Drammatico, Recensione

LE FIAMME DEL PARADISO

NazioneItalia
Anno Produzione2006
Durata95'

TRAMA

Diciassettesimo secolo, Trentino Alto Adige, Val di Non. Una povera contadina che vive in una grotta isolata viene accusata di stregoneria dai paesani. La donna viene portata nel Palazzo Nero dove ammette sotto tortura la sua colpevolezza e coinvolge anche i suoi accusatori per vendicarsi della loro cattiveria. Condannata a morte, rifiuta di pentirsi, e per questo viene messa al rogo sulla piazza del paese.

RECENSIONI

Dopo essere stato uno dei nomi di punta del cosiddetto "neorealismo rosa" italiano, l'ottantottenne Luciano Emmer fatica a trovare una seconda giovinezza nel nuovo millennio.

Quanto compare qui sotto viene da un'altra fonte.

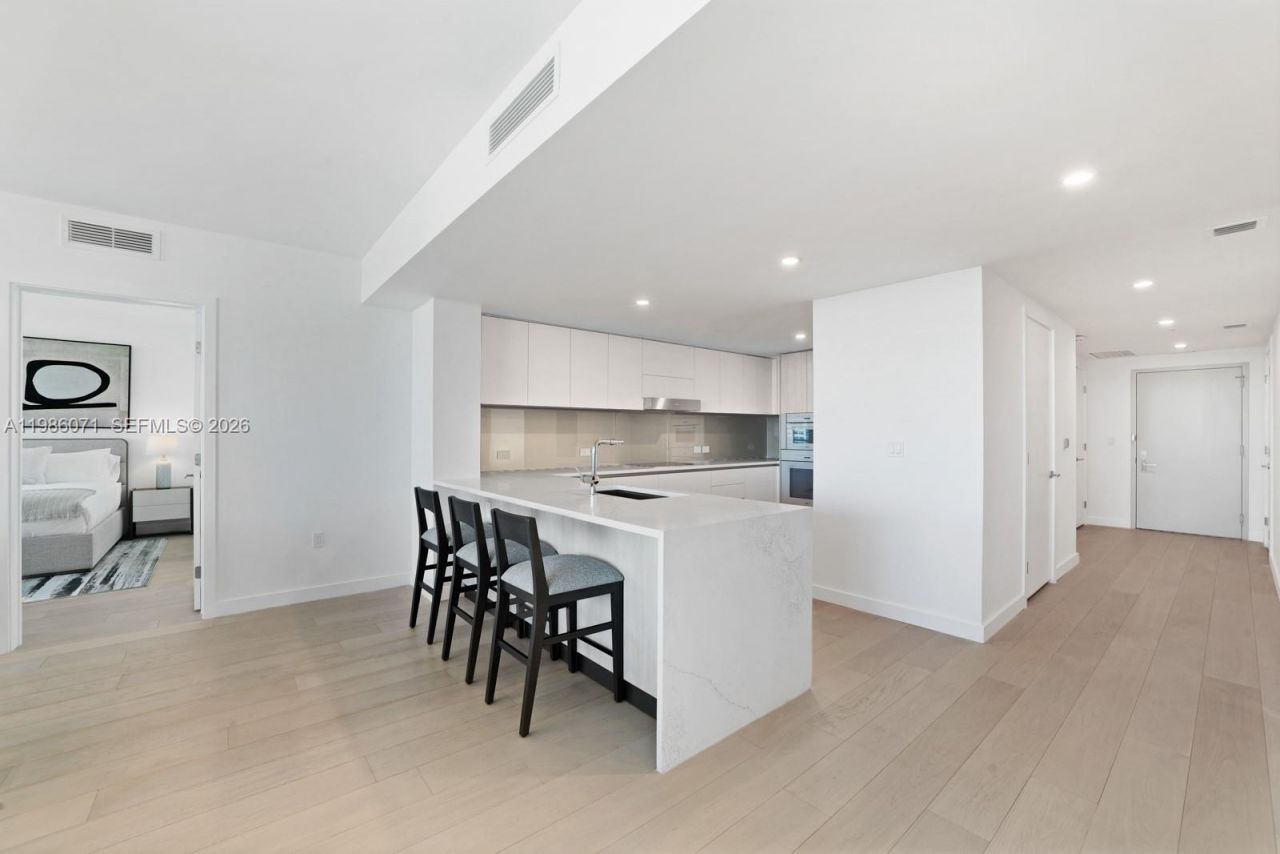 9221 E Bay Harbor Drive , Unit 610, Bay Harbor Islands, FL 33154 Photo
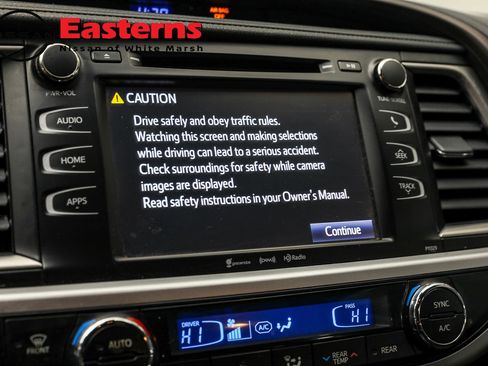 Used 2017 Toyota Highlander Plus image 24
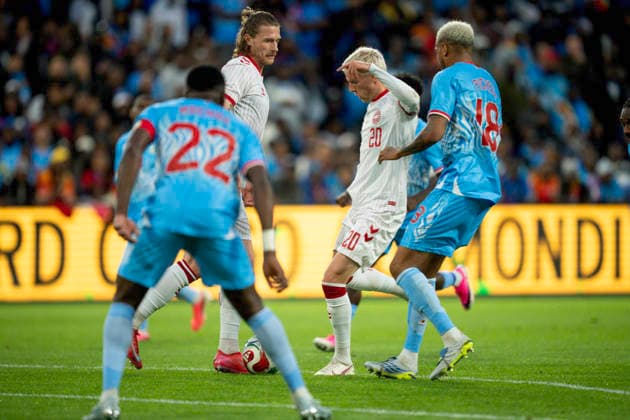 National team test match DR Congo Denmark Denmarks Albert Groenbaek and Kasper Hoegh in action with DR Congos Charles Pickel during the national team test match between Denmark and DR Congo at Maurice Dufrasne Stadium in Liege, Belgium Wednesday, June 3, 2026 , Liege Belgium Mors  Copyright: BoxAmrstrupx xRitzauxScanpix BoxAmstrupx spdk20260603-220927-L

Nel 2003 il regista milanese ha triplicato la volenterosa Sabrina Ferilli nel deludente e anacronistico L'acqua...il fuoco, e ora si cimenta con una storia ambientata agli inizi del '600 in Trentino Alto Adige. La protagonista è una ragazza che vive in solitudine e pur interagendo senza apparenti conflitti con gli abitanti del paese, a causa di una sequela di maldicenze viene accusata di stregoneria e messa al rogo. Le nobili intenzioni di non dimenticare la brutalità del passato si scontrano con una messa in scena tanto semplice (naïf? in totale libertà creativa?) da rasentare la casualità. La sensazione, costante, è di assistere a un teatrino parrocchiale animato da buoni propositi che cadono nel vuoto. È infatti con crescente imbarazzo che si segue la presentazione dei personaggi (gli allegri convenevoli di guizzanti pastorelle) e la piattezza di un intreccio senza progressione. Per tacere di una fotografia che si vorrebbe naturalistica ma che arriva approssimativa, dei costumi da sagra paesana, di scenografie assenti, di una sciatteria diffusa, di una recitazione sotto ogni ragionevole soglia e delle note da sintetizzatore in saldo di Stelvio Cipriani. Unico punto a favore, la parlata nel dialetto della Val di Non, luogo reale dei tragici eventi. Ma l’approccio filologico non è sufficiente a dare verità alle figurine di un Presepe inerte e risaputo, incapace di farsi portatore di un punto di vista effettivamente problematico sui fatti raccontati.